Task prompt =>
Only the lines from the one with "2022 Kia Niro EV Noblesse - Image 11" to the end of the data, both ends included, should be output, exactly as they stand and without pictures.

Pictures with short captions
______________________________

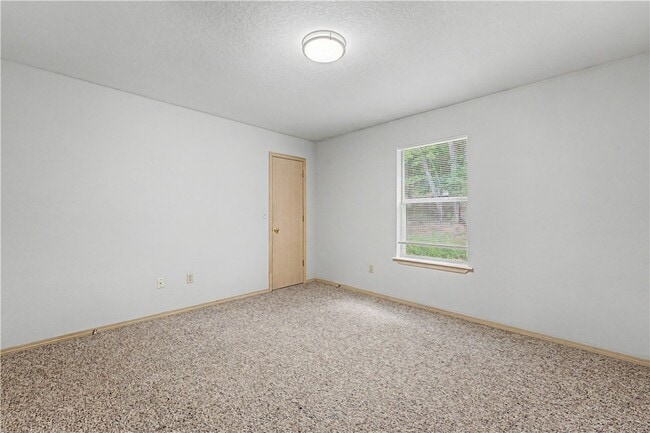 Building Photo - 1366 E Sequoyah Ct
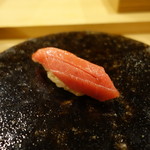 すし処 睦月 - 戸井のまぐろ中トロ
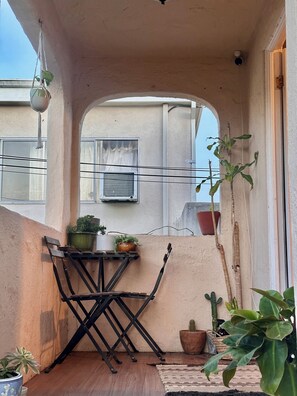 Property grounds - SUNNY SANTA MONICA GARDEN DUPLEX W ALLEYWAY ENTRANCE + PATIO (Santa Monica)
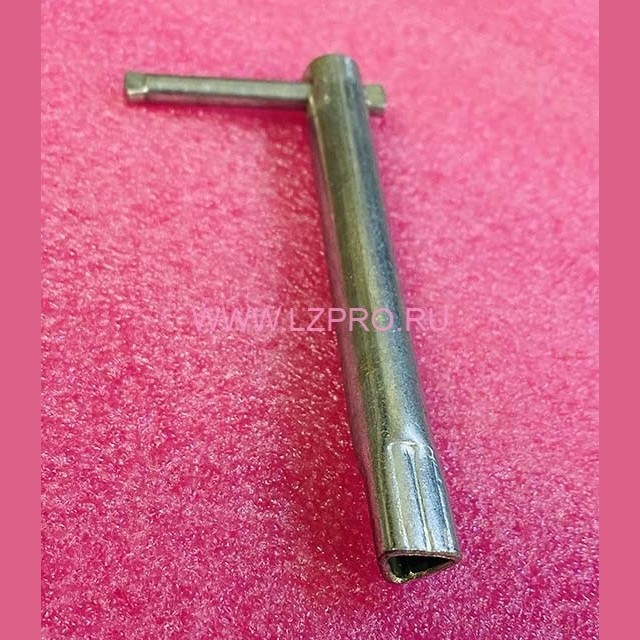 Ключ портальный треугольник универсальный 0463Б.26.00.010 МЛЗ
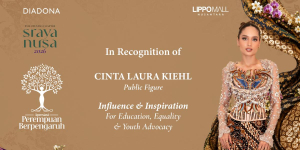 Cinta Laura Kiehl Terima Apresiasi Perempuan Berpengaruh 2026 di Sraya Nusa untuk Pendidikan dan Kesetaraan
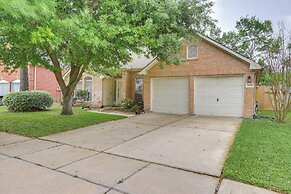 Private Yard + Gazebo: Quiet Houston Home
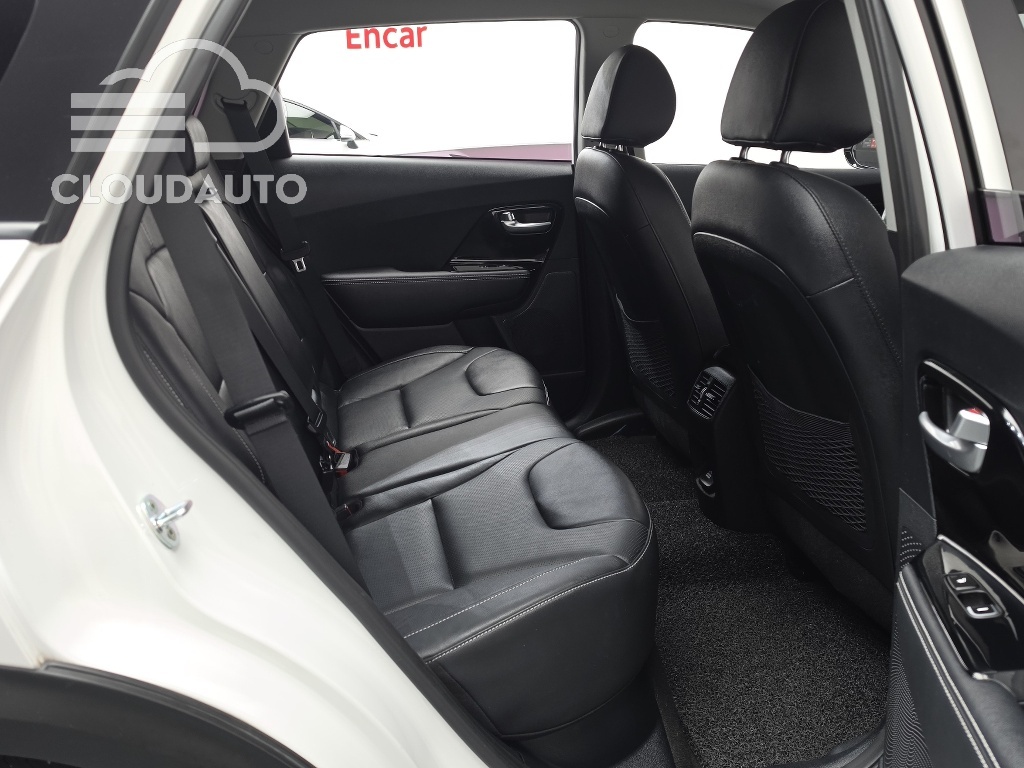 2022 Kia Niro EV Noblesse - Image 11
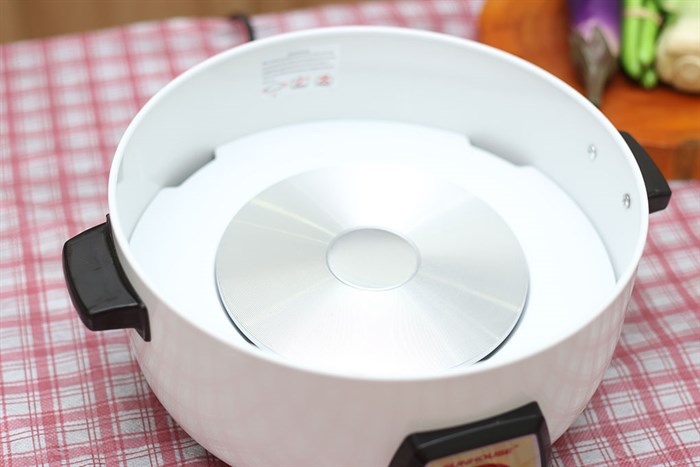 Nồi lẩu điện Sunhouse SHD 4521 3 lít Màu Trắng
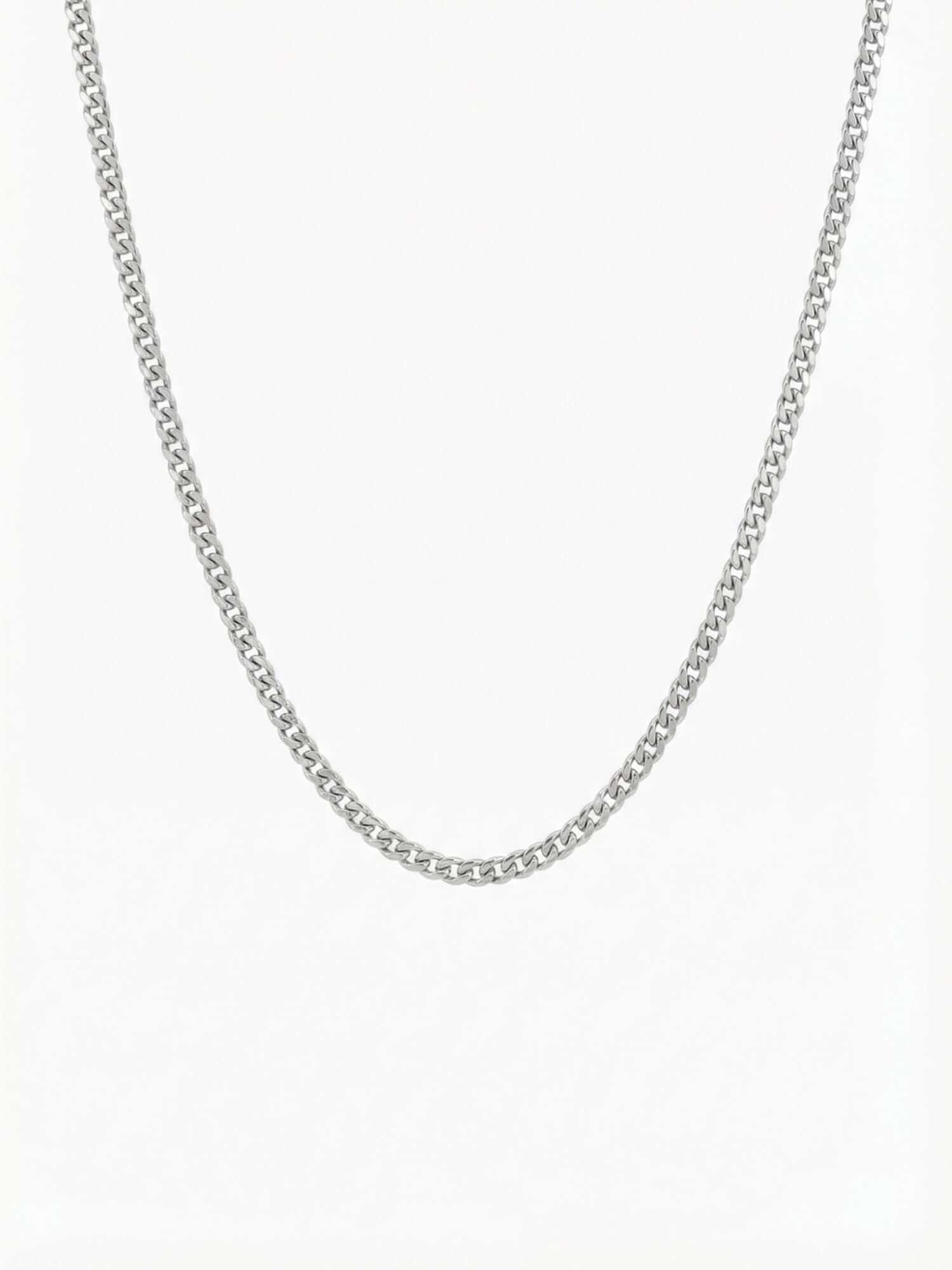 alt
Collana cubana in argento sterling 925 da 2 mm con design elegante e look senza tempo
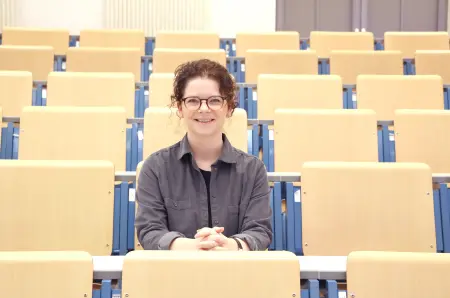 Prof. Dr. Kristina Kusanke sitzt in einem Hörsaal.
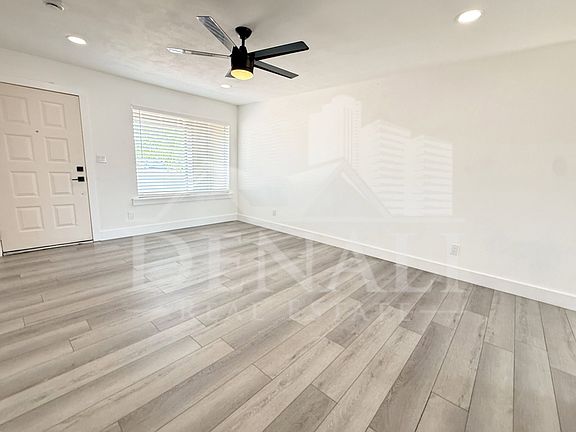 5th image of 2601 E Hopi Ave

______________________________

Answer for the task =>
 2022 Kia Niro EV Noblesse - Image 11
 Nồi lẩu điện Sunhouse SHD 4521 3 lít Màu Trắng
 alt
Collana cubana in argento sterling 925 da 2 mm con design elegante e look senza tempo
 Prof. Dr. Kristina Kusanke sitzt in einem Hörsaal.
 5th image of 2601 E Hopi Ave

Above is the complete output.